Reputation: 5029
I have deployed a linear regression model on Sagemaker. Now I want to write a lambda function to make prediction on input data. Files are pulled from S3 first. Some preprocessing is done and the final input is a pandas
dataframe. According to boto3 sagemaker documentation, the payload can either be byte-like, or file. So I have tried to convert the dataframe to a byte array using code from this post
# Convert pandas dataframe to byte array
pred_np = pred_df.to_records(index=False)
pred_str = pred_np.tostring()
# Start sagemaker prediction
sm_runtime = aws_session.client('runtime.sagemaker')
response = sm_runtime.invoke_endpoint(
EndpointName=SAGEMAKER_ENDPOINT,
Body=pred_str,
ContentType='text/csv',
Accept='Accept')
I printed out pred_str
which does seem like a byte array to me.
However when I run it, I got the following Algorithm Error
caused by UnicodeDecodeError
:
Caused by: 'utf8' codec can't decode byte 0xed in position 9: invalid continuation byte
The traceback shows python 2.7 not sure why that is:
Traceback (most recent call last):
File "/opt/amazon/lib/python2.7/site-packages/ai_algorithms_sdk/serve.py", line 465, in invocations
data_iter = get_data_iterator(payload, **content_parameters)
File "/opt/amazon/lib/python2.7/site-packages/ai_algorithms_sdk/io/serve_helpers.py", line 99, in iterator_csv_dense_rank_2
payload = payload.decode("utf8")
File "/opt/amazon/python2.7/lib/python2.7/encodings/utf_8.py", line 16, in decode
return codecs.utf_8_decode(input, errors, True)

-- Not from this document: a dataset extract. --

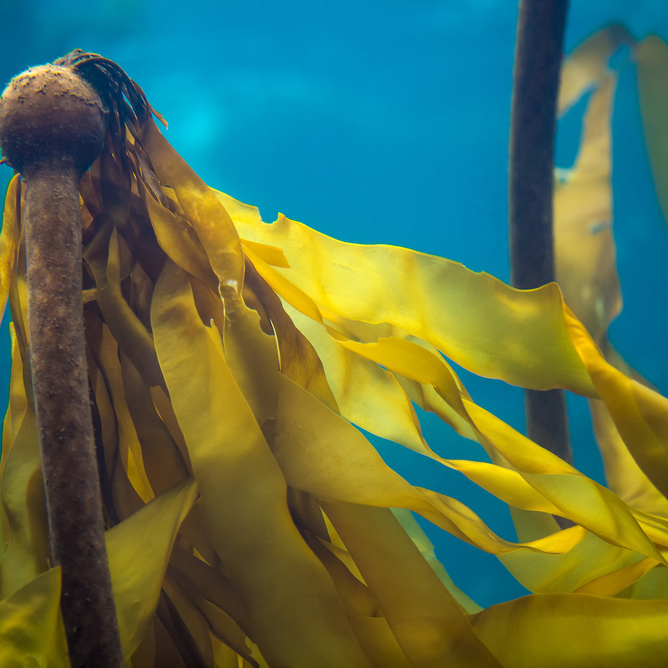 Up close view of a piece of bull kelp yellow green in color with aqua blue water in the background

Is the default decoder utf_8
? What is the right decoder I should be using? Why is it complaining about position 9?
In addition, I also tried to save the dataframe to csv file and use that as payload
pred_df.to_csv('pred.csv', index=False)
with open('pred.csv', 'rb') as f:
payload = f.read()
response = sm_runtime.invoke_endpoint(
EndpointName=SAGEMAKER_ENDPOINT,
Body=payload,
ContentType='text/csv',
Accept='Accept')
However when I ran it I got the following error:
Customer Error: Unable to parse payload. Some rows may have more columns than others and/or non-numeric values may be present in the csv data.
And again, the traceback is calling python 2.7:
Traceback (most recent call last):
File "/opt/amazon/lib/python2.7/site-packages/ai_algorithms_sdk/serve.py", line 465, in invocations
data_iter = get_data_iterator(payload, **content_parameters)

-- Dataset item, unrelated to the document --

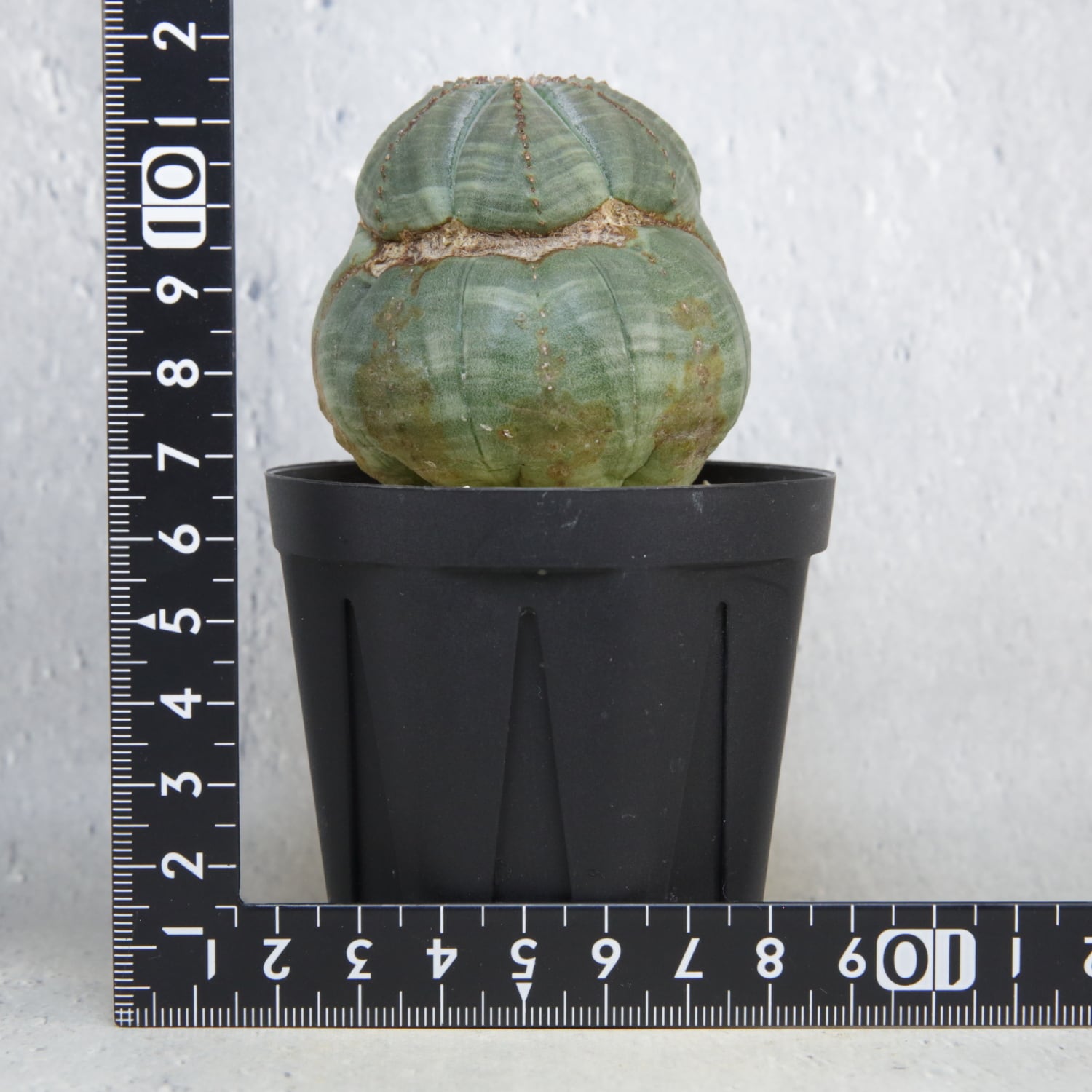 異型 モンスト オベサ / ユーフォルビア | LIGHTHOUSE.PLANTS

File "/opt/amazon/lib/python2.7/site-packages/ai_algorithms_sdk/io/serve_helpers.py", line 123, in iterator_csv_dense_rank_2
It doesn't make sense at all because it is standard 6x78 dataframe. All rows have same number of columns. Plus none of the columns are non-numeric.
How to fix this sagemaker issue?
Upvotes: 0
Views: 1929
Reputation: 5029
I was finally able to make it work with the following code:
payload = io.StringIO()
pred_df.to_csv(payload, header=None, index=None)
sm_runtime = aws_session.client('runtime.sagemaker')
response = sm_runtime.invoke_endpoint(
EndpointName=SAGEMAKER_ENDPOINT,
Body=payload.getvalue(),
ContentType='text/csv',
Accept='Accept')
It is very import to call getvalue()
function for the payload while invoking the endpoint. Hope this helps
Upvotes: 4